Entrando presso l’Istituto Veneto di Scienze, Lettere ed Arti, dove è ospitato il Padiglione del Portogallo, è quasi impossibile riuscire a separare completamente l’esposizione con l’ambiente in cui essa si trova, perché perfettamente integrata.
Sei sale ciascuna con un’opera interessante e carica di significato. “You’ll be my mirror” è il titolo che João Louro ha voluto dare a questa mostra e che riprende le parole di un brano dei Velvet Underground. Tra le opere più interessanti la serie di Blind Images in cui lo spettatore si trova davanti ad una tela in cui le immagini sono state cancellate. Vi rimane solo il titolo di ciò che vi era raffigurato. Un lavoro il cui significato vuole essere la distanza tra le parole e le immagini che a detta dell’artista non è così enorme come invece tra parole ed oggetti o tra cultura e natura.
Nella mia visita mi è rimasta impressa in particolare una scala che sembra facente parte dell’antica biblioteca, ma che in realtà è un’opera di Louro. Se si nota bene la scala non ha la funzione che dovrebbe in quanto l’artista ne ha reso impossibile l’uso. Al pari delle Blind Images però, con l’inserimento in questo caso di uno specchio, si permette allo spettatore di riflettervisi e quindi tornare protagonista.
Infine “Land Sea” l’esposizione di Sean Scully che occupa un luogo quasi magico, Palazzo Falier.
Palazzo Falier
Palazzo Falier

Se avete attraversato il Canal Grande sicuramente l’occhio si sarà inevitabilmente posato su un edificio dal sapore antico quanto romantico evocato dalle sue verandine con vetrate in vetro piombato.
Si arriva attraverso una stretta calle all’ ingresso che ci permette di entrare in un delizioso cortile che per un attimo ci fa catapultare in un passato che non c’è più, ma che lì è presente e vivo.
All’interno del palazzo, a cui si accede attraverso una graziosa scalinata, troviamo esposte le opere dell’irlandese Sean Scully. Molti dei lavori sono stati realizzati appositamente per questa mostra, curata da Danile Eccher (Direttore della GAM Galleria Civica d’Arte Moderna e Contemporanea di Torino).
La liquidità della sua pittura di Scully ci ricorda non solo il mare, ma ovviamente anche la città d’acqua in cui ci si trova, Venezia.
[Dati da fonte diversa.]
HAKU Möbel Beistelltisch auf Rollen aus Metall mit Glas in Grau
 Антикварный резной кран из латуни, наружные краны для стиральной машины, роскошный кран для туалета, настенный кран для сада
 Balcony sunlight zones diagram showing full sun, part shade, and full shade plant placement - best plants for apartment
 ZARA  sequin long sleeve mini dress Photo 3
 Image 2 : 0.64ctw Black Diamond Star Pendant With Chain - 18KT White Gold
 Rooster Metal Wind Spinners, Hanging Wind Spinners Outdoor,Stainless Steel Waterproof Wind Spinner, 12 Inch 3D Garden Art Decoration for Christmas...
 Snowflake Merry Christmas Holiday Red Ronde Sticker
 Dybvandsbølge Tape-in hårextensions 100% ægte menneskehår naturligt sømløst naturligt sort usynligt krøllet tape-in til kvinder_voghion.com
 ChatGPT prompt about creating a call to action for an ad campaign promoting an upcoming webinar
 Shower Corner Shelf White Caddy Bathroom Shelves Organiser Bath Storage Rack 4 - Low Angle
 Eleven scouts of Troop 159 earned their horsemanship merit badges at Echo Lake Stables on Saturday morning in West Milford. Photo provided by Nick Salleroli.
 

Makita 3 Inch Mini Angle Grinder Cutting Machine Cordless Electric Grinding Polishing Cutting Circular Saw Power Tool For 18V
Dice infatti l’artista “Nel realizzare questi dipinti ero concentrato sui miei ricordi di Venezia, il movimento dell’acqua col suo battere contro i mattoni e pietre della città. Quando sono nel mio studio a sud di Monaco di Baviera spesso prendo l’auto e guido per alcune ore fino a Venezia. Ed era con le impressioni raccolte durante tali viaggi che tornavo nello studio. Riportavo i miei ricordi di Venezia nelle opere che dipingevo”.
Una mostra in cui il protagonista è il colore e le opere si rifanno alla tradizione della pittura veneziana, dal luminismo di Tintoretto al tonalismo di Bellini, passando per la materialità cromatica di Tiziano, ma pur sempre guardando al concettualismo contemporaneo.
Tre mostre, tre luoghi. Tutti da scoprire. Anche questa è la Biennale d’Arte di Venezia.